**Brief:** Only one stretch of the records below should be repeated. It starts with the line containing "Solar โคมไฟถนน JD" and goes on through the line containing "सेवा संकल्प अभियान", exactly as written.

**Record excerpts:**
__________________________________________________
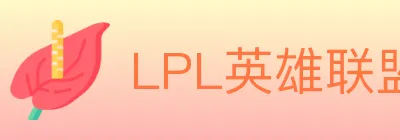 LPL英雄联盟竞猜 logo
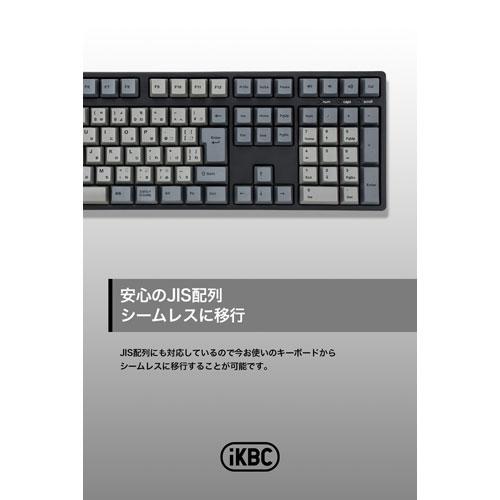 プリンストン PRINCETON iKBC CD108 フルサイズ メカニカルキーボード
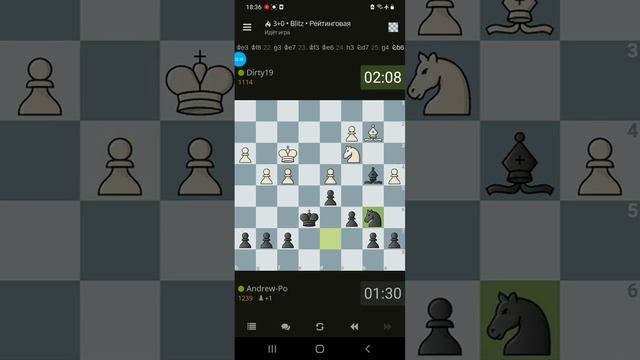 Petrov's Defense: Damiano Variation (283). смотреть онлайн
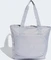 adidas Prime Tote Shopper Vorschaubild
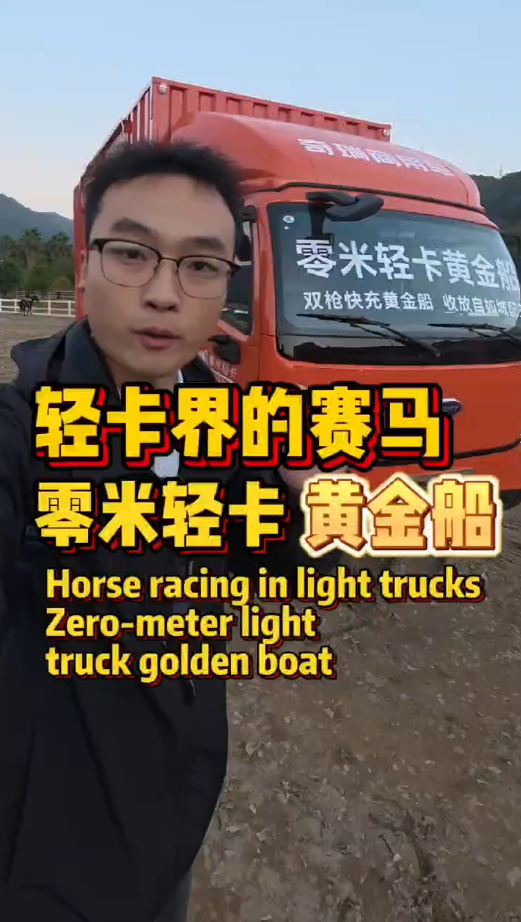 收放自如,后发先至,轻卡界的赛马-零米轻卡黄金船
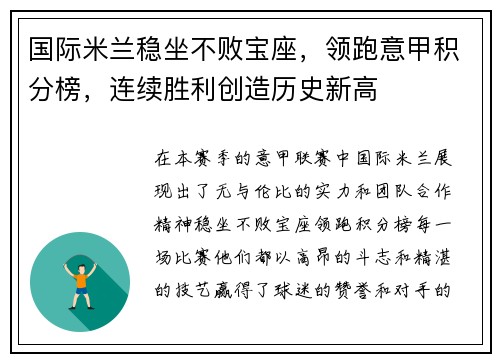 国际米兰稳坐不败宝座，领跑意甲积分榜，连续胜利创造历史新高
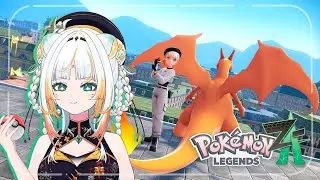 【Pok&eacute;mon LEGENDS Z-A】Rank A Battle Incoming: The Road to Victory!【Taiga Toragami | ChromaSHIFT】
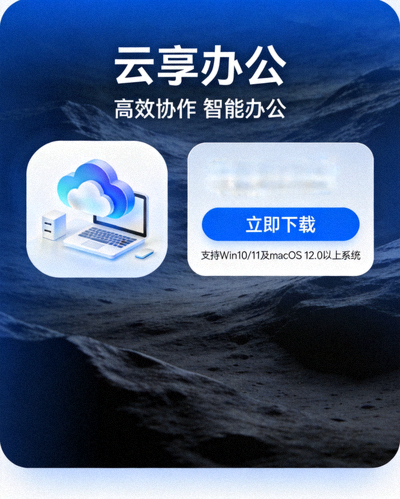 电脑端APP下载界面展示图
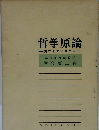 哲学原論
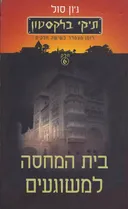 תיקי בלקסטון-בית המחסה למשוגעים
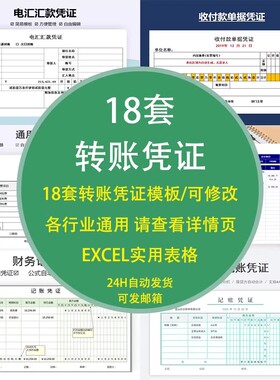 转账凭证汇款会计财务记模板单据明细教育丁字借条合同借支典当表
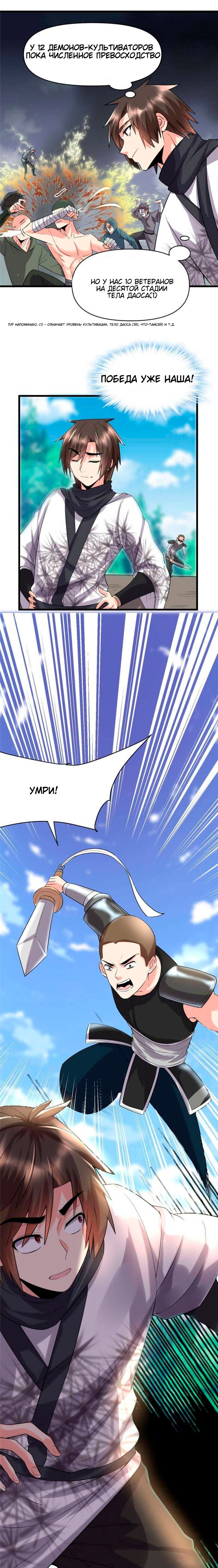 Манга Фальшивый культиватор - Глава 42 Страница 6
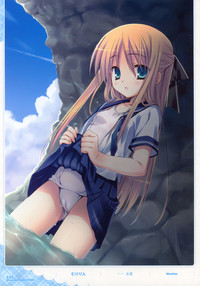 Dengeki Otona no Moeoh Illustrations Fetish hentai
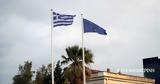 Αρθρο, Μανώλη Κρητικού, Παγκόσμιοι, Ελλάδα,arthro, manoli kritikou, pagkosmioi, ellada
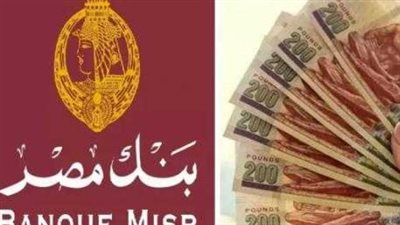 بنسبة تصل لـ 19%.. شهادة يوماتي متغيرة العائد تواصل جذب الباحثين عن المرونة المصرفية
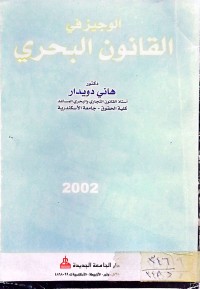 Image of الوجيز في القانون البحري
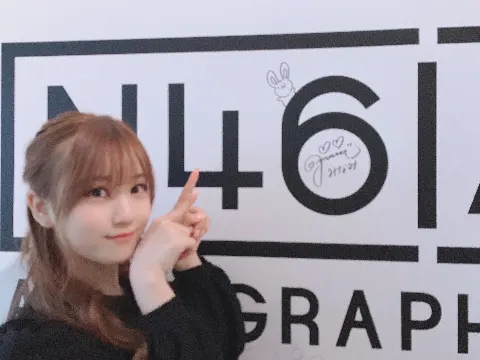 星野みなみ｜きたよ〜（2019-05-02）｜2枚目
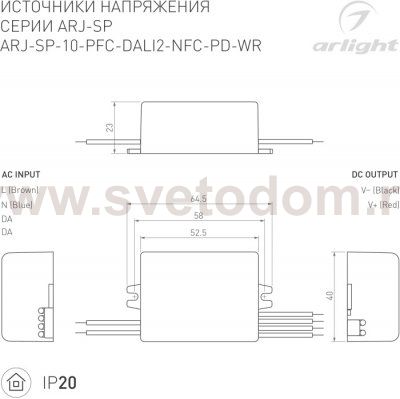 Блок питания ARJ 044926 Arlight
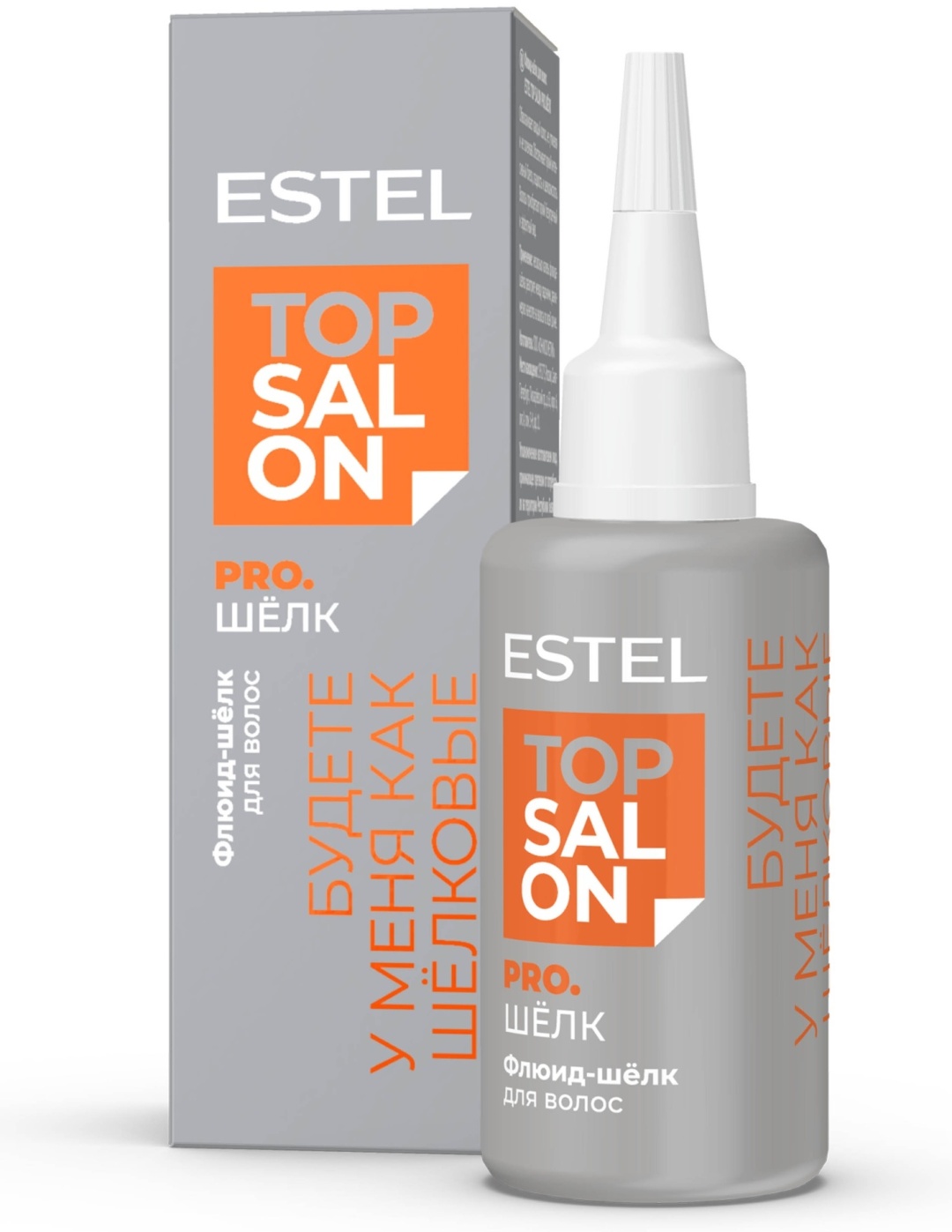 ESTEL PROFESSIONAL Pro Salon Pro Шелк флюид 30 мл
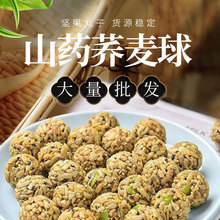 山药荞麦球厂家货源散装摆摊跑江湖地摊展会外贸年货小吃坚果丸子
__________________________________________________
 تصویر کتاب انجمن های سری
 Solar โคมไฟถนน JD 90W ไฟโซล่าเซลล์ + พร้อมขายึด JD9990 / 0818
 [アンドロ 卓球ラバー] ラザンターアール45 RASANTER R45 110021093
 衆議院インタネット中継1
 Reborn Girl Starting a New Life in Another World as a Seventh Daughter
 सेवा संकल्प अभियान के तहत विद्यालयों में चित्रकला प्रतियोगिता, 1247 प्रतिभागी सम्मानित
__________________________________________________
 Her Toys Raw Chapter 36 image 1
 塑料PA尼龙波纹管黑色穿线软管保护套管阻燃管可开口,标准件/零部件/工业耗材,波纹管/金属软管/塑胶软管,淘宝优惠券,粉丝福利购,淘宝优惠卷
__________________________________________________
**Result of this exercise:**
 Solar โคมไฟถนน JD 90W ไฟโซล่าเซลล์ + พร้อมขายึด JD9990 / 0818
 [アンドロ 卓球ラバー] ラザンターアール45 RASANTER R45 110021093
 衆議院インタネット中継1
 Reborn Girl Starting a New Life in Another World as a Seventh Daughter
 सेवा संकल्प अभियान के तहत विद्यालयों में चित्रकला प्रतियोगिता, 1247 प्रतिभागी सम्मानित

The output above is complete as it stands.